Supreme Court says Florida can enforce law limiting felons from voting if they owe fines

Author: Dan Berman, CNN
Published:
Voting booth. (Credit: CBS New York)
(Credit: CBS New York)

The Supreme Court on Thursday said Florida can enforce a law barring ex-felons from voting if they still owe court fines or fees that they are unable to pay associated with their convictions.

The unsigned order likely means the law will be in effect for the November election, although the court did not declare the law to be unconstitutional or limit ongoing court challenges.

Liberal Justices Sonia Sotomayor, Ruth Bader Ginsburg and Elena Kagan dissented.

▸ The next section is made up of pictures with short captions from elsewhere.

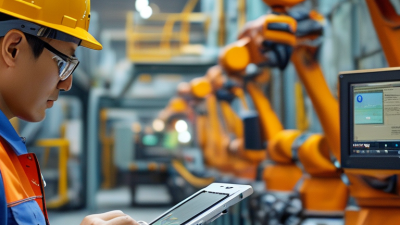Discover the Best Industrial PLC Solutions in China Today?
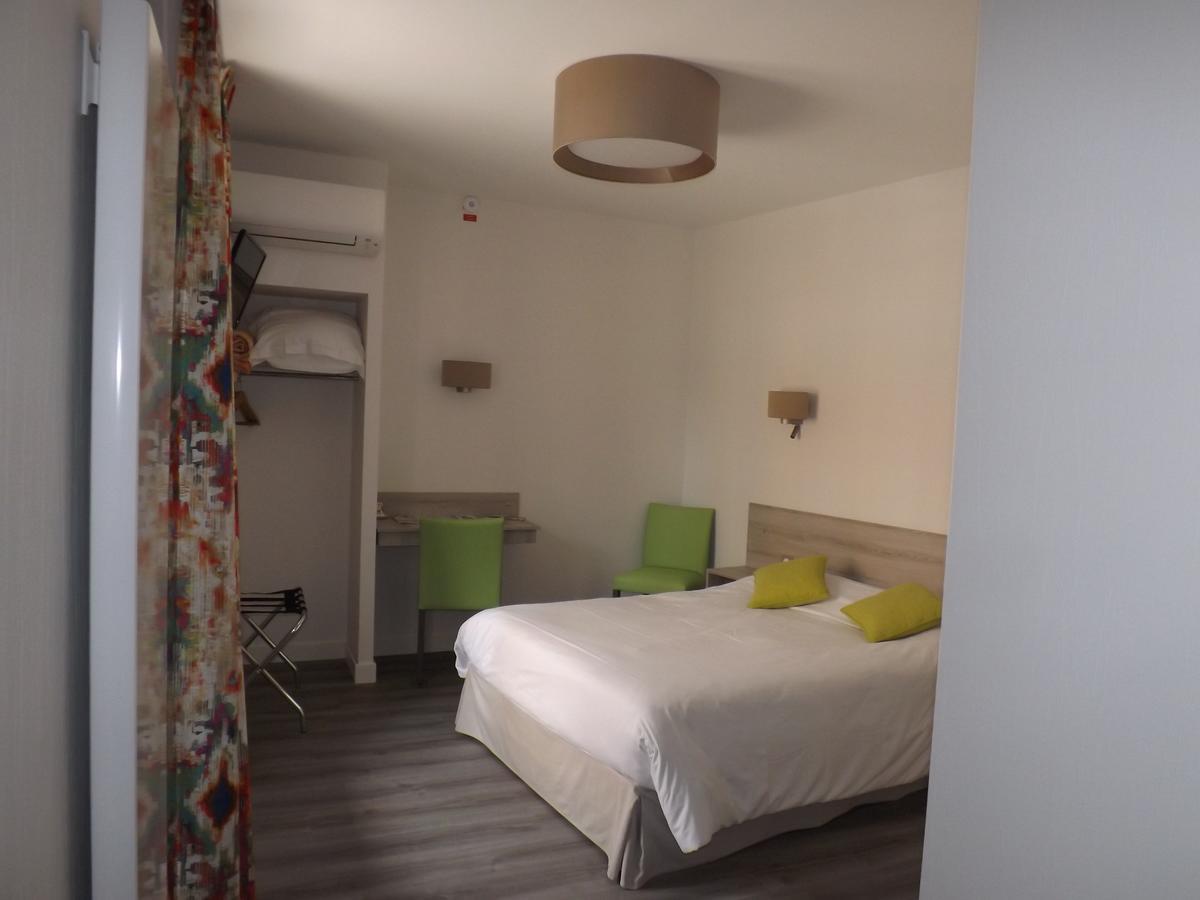 Hotel Restaurant Le Parc Moulins  Zewnętrze zdjęcie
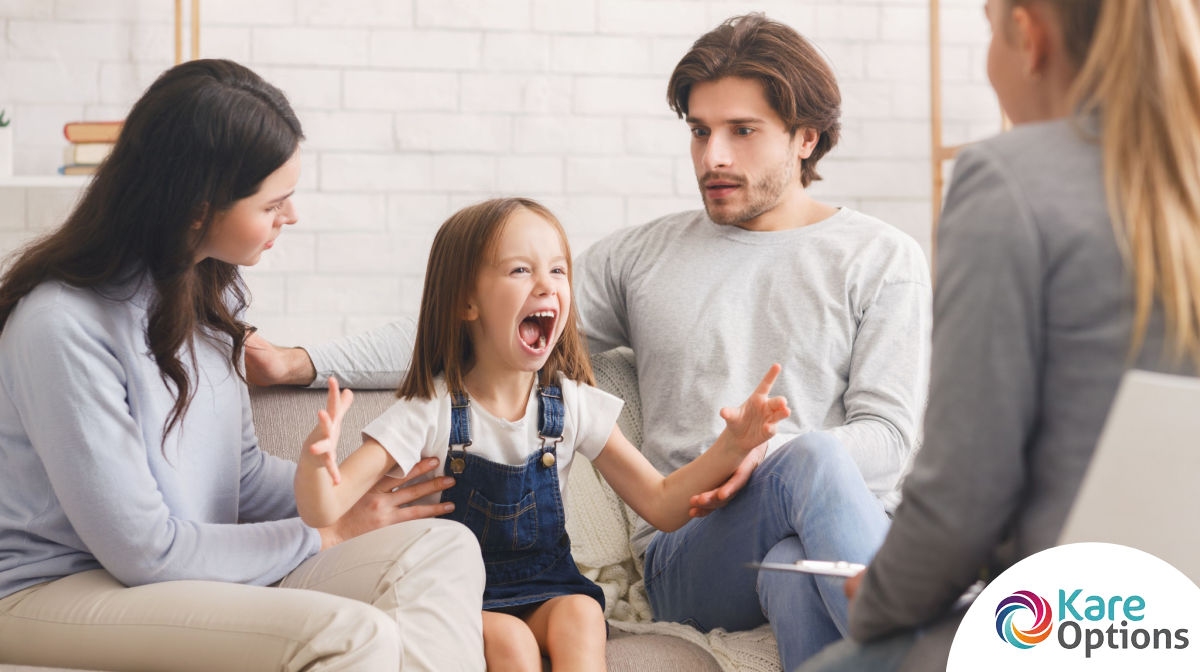 How to Deal with Children Bad Behaviour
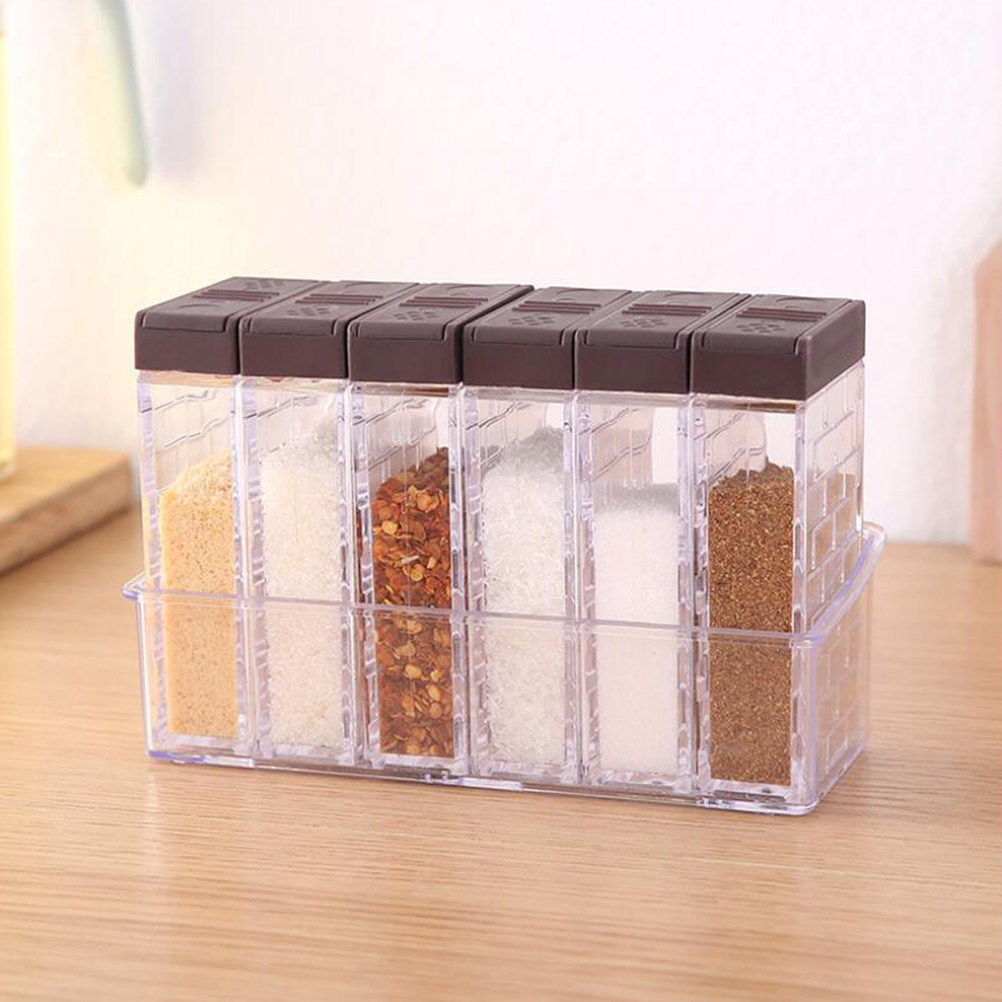 8Pcs Premium Food-Grade PP Box - Food Storage Box Plastic recensione e prezzo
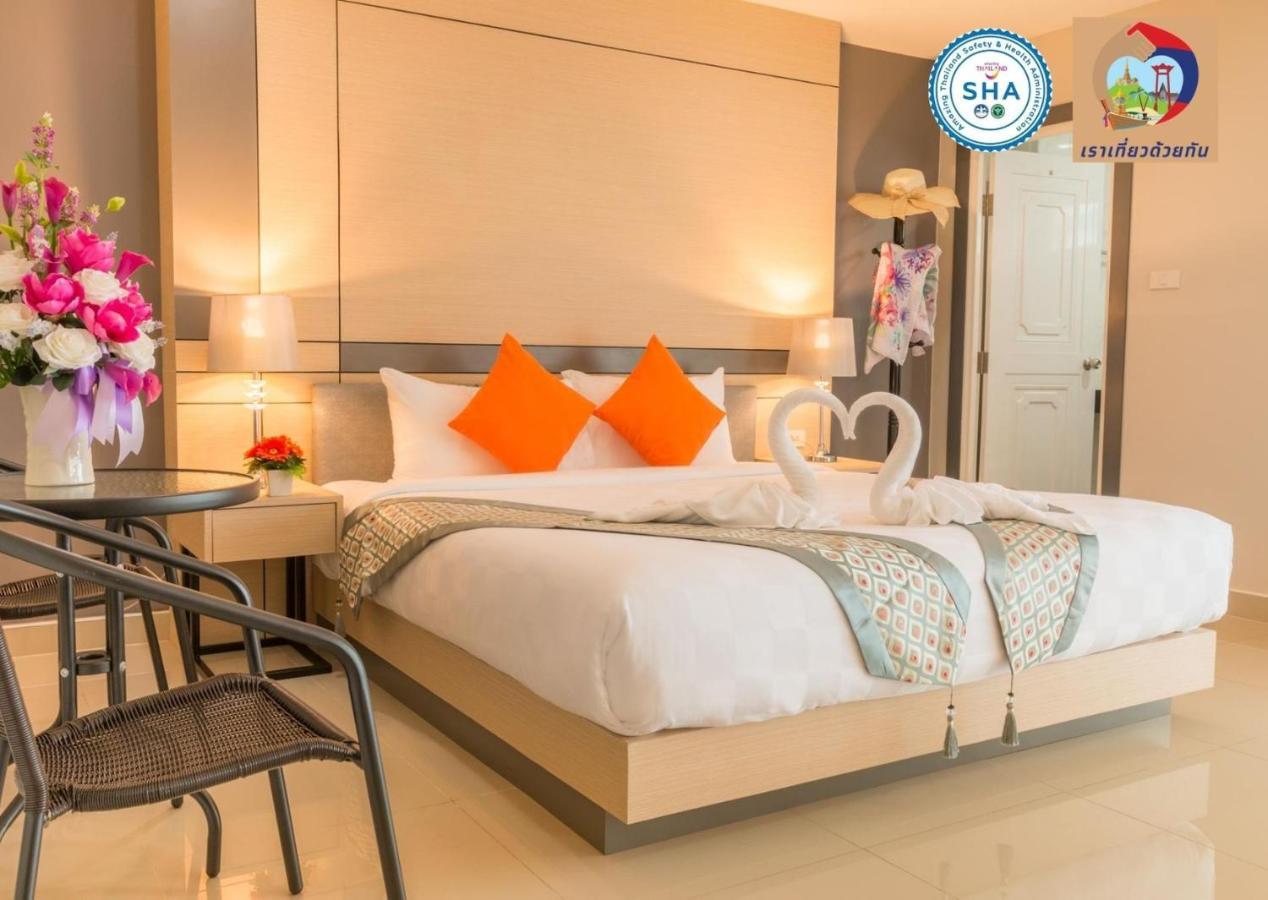 The Smart Yai Hotel Hat Yai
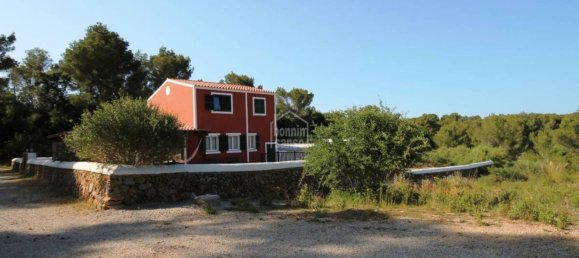 5 bedrooms House in Es Mercadal, Spain No. 155375 12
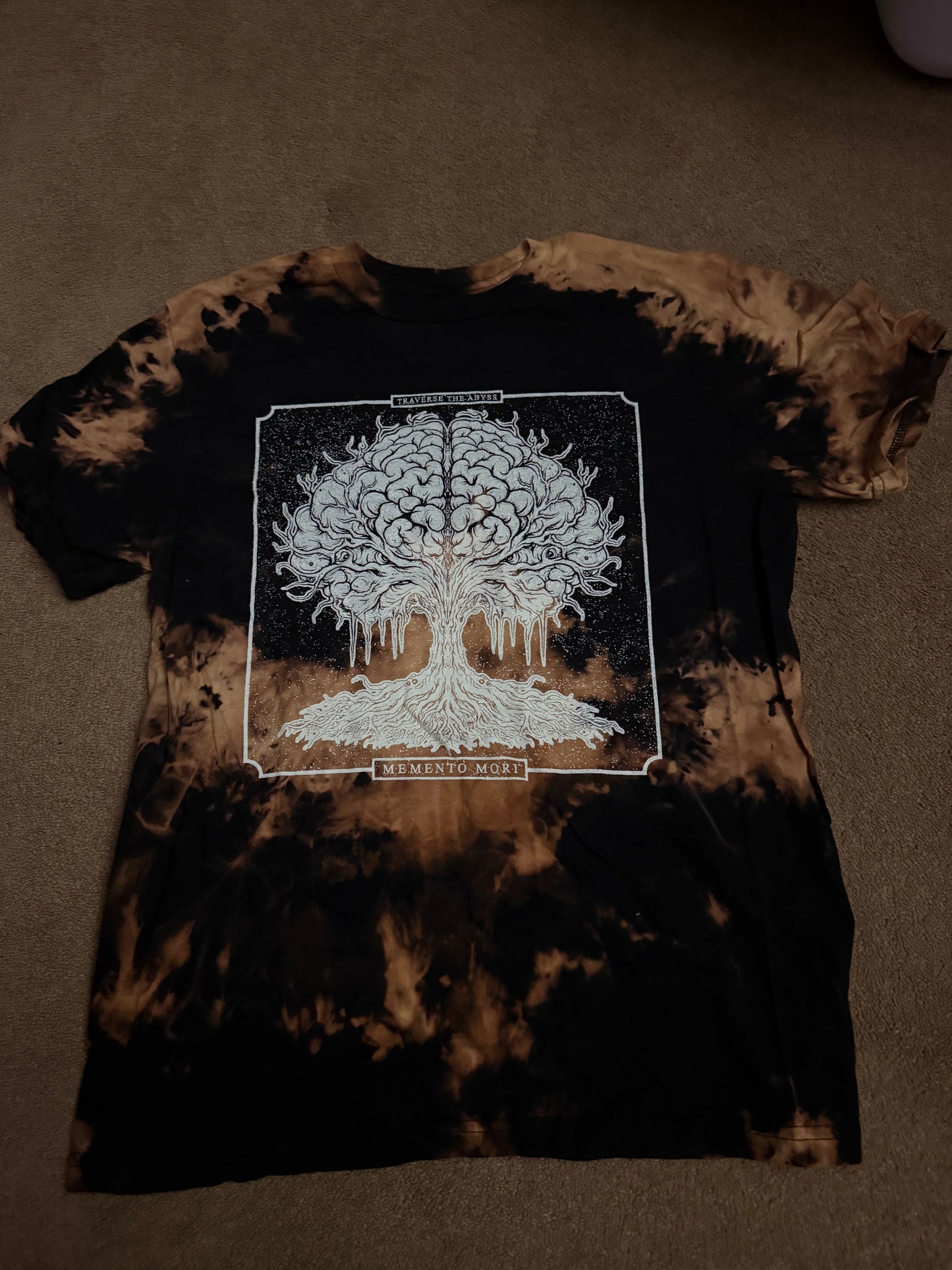 Acid Wash - Memento Mori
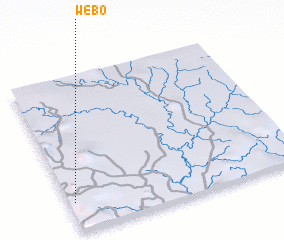 3d view of Webo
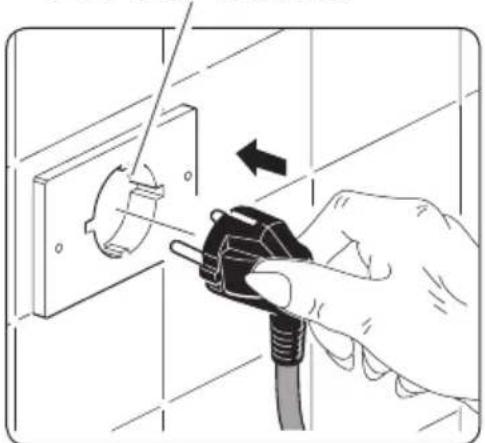 RGV PL10S - Do not use the appliance without the splash protection lid (9). - 7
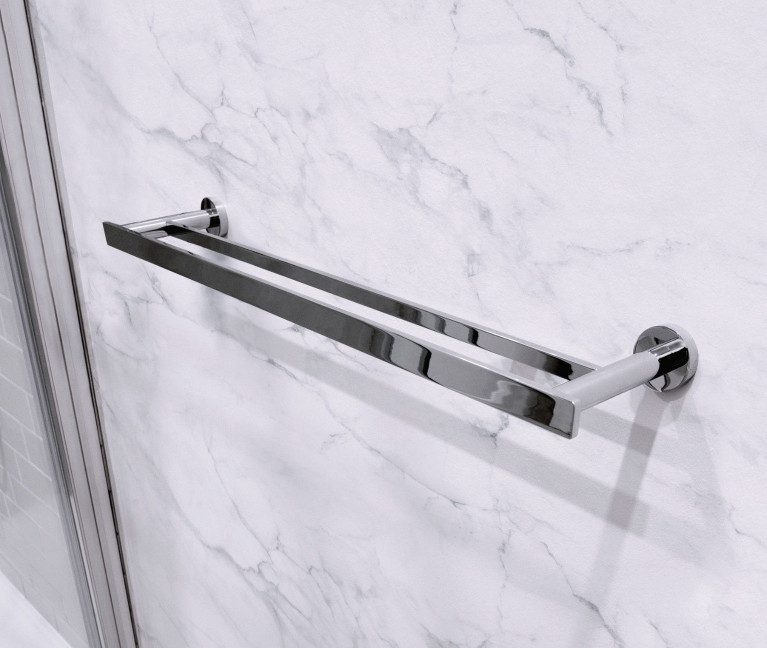 Paradox bathroom accessory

“This Court’s order prevents thousands of otherwise eligible voters from participating in Florida’s primary election simply because they are poor,” Sotomayor wrote in the dissent.

“This Court’s inaction continues a trend of condoning (disenfranchisement),” she added.

Convicted felons in Florida had their voting rights restored with a constitutional amendment passed in November 2018. Amendment 4, which allowed convicted felons who complete “all terms of sentence” the right to vote, passed with nearly 65% of the vote, exceeding the 60% threshold required.

After Amendment 4 went into effect in January 2019, the GOP-led Florida legislature passed, and Republican Gov. Ron DeSantis signed, a bill that clarified “all terms of sentence” to include legal financial obligations such as fines, fees and restitution.

The fees and fines that felons are ordered to pay are wide-ranging but significantly high for an individual leaving prison, especially if they’re unemployed. They can range from a couple hundred to tens of thousands of dollars, Lisa Foster, the co-director of the Fines and Fees Justice Center, a group that aims to eliminate fees in the US justice system, has told CNN. And in Florida, all the court charges that are unpaid after 90 days are referred to private debt collectors, who are allowed to add up to a 40% surcharge on the unpaid court debt, according to the Brennan Center.

This story is breaking and will be updated.